E&C Republican Leaders to EPA: Your Delay Will Create Shortages for Vital Medical Devices like Inhalers

Washington, D.C. — House Energy and Commerce Committee Chair Cathy McMorris Rodgers (R-WA), Health Subcommittee Chair Brett Guthrie (R-KY), and Environment, Manufacturing, & Critical Materials Subcommittee Chair Bill Johnson (R-OH) sent a letter to Environmental Protection Agency (EPA) Administrator Michael Regan today pressing the EPA to stop delaying regulations for reclaiming and reusing hydrofluorocarbons (HFCs), which are essential for ensuring Americans have access to affordable medical devices, like inhalers.  

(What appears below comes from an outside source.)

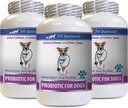 Dog Diarrhea Relief - PROBIOTICS for Dogs - Healthy Gut - Stop Gas Diarrhea and Bad Breath - Digestive Boost - Dog probiotics and Digestive enzymes - 3 Bottles (180 Treats)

Excerpts and highlights below:  

UNDERMINING CONGRESSIONAL SAFEGUARDS: We are concerned... that Congress’s deliberate safeguards are being undermined by poor regulatory planning. While we acknowledge EPA has been prioritizing the implementation of AIM over the last two years, EPA appears to have de-prioritized plans to implement fully AIM’s reclaim and reuse provisions. For instance, the White House’s most recent Unified Regulatory Agenda contains plans for two EPA rules for AIM, but only mentions EPA plans to ‘consider’ a rulemaking on the limited reclaim and reuse of HFCs. A more committed approach is needed. 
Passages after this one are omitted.